No Straight Roads Review – PC


No Straight Roads might be one of the biggest hidden gems of the summer, especially if you don’t hang out on the Epic Game Store – game is also available on all the consoles but for some reason not heavily promoted.  This delightfully designed and surprisingly challenging action-combat rhythm game certainly took me by surprise from the opening intro and tutorial stages to the moment hours later when I stopped playing to let my exhausted fingers recover in order to type this review.

Welcome to Vinyl City, a futuristic metropolis powered by the energy of music, specifically EDM, so it’s no wonder that the largest record label, No Straight Roads, runs the show.  But our heroes, guitarist Mayday and her sidekick drummer, Zuke are about to change all that when they try to revitalize the lost genre of rock and roll with their startup band, Bunk Bed Junction.  The game opens with our musicians entering an America’s Got Talent style TV show complete with awkward video introduction before they head to the big stage to perform in front of six imposing judges.

The NSR auditions serve as an integrated and informative tutorial on the controls and rules of the game.  When you aren’t freely exploring the streets of Vinyl City you will be engaged in some sort of combat and the action is directly tied to the beat of whatever music is playing.  Enemies will bounce to the beat before offering up a visual cue that they are about to attack, giving you precious seconds to avoid taking damage.  Between their attacks you can move in for strikes of your own on ground based enemies as well as collecting ammo to fire at flying enemies using an auto-lock targeting system.

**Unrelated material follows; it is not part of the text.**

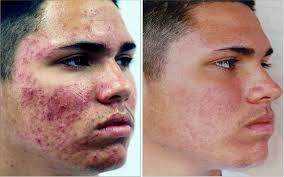 Mathew — VILLANI MEDICAL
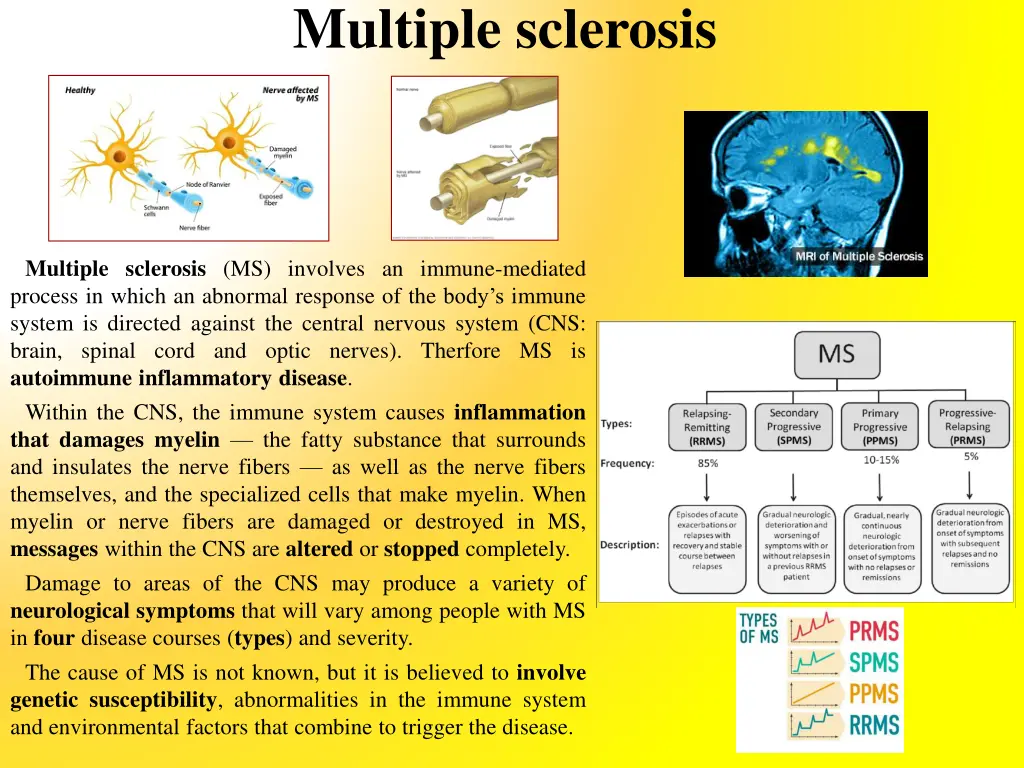 multiple sclerosis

Mayday is a brawler, able to swing her guitar for heavy damage while Zuke’s rapid drumming skills allow for cool combos and the ability to repulse certain attacks back on the enemy. When used together they offer a fun and balanced mix of engaging combat as you are able to swap between the two characters as needed.  The AI does a decent job of controlling the other character who will slowly regain health when not in active use, and the game also supports 2-player thus avoiding the need to swap back and forth.

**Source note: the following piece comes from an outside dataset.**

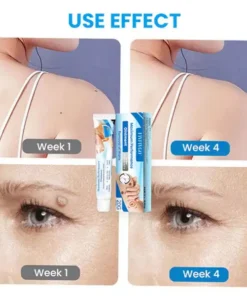Fivfivgo™ Maximum Performance Ointment for the Immediate removal of Warts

NSR is clearly partial to EDM so Bunk Bed Junction is immediately voted off the show forcing Mayday to start her own rock and roll rebellion based out of their underground sewer lair.  This lair is your hub to all the activities in the game including a crazy Defender-style arcade game.  You can also customize your base with unlockable cosmetics earned during the game, and as you progress in the story additional rooms will be added to your lair, each with their own function and activities.  You can research upcoming enemies and unlock and assign various abilities using the robust skill tree and even feed your pet alligator.

NSR is redirecting power from the general population to power their EDM parties around the city, so Mayday and Zuke must explore the metropolis in search of these energy thieves and defeat them in arena-style combat to restore power to the people.  One of the first encounters will have you going up against this stylish robotic DJ in a massive multi-stage boss fight against him and his minions with combat taking place on a giant spinning vinyl record.  It only gets better from there as the arenas become larger and more complex and more and more enemies are added to each encounter.

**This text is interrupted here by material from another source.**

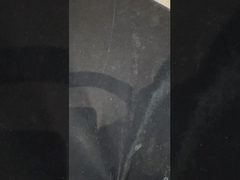 Titanium implantaten ondersteunde prothesen Precise Ivoclar Prothese Over Implantaten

Key encounters are all connected with a maze of streets and alleys full of their own rewards for thorough exploration.  You can spend hours roaming the streets and collecting energy pellets and other loot before focusing on your next objectives.  One nice feature is the ability to replay previous encounters using your own favorite song or perhaps you just want to replay a previous boss fight and try for a better score or checkout various new modes to increase the challenge.

No Straight Roads has a nice difficulty progression with encounters that seem to balance with your abilities.  The game mixes in a variety of enemies to keep you on your toes then mixes these encounters into some massive combat arenas with platforming and rail-grinds flashing me back to the days of Jet Set Radio.  There are some great effects for the various strikes and combos for each character as well as fun combo counters and a meter with a needle that moves between rock and EDM based on your performance.  The screen is alive with action and animation constantly.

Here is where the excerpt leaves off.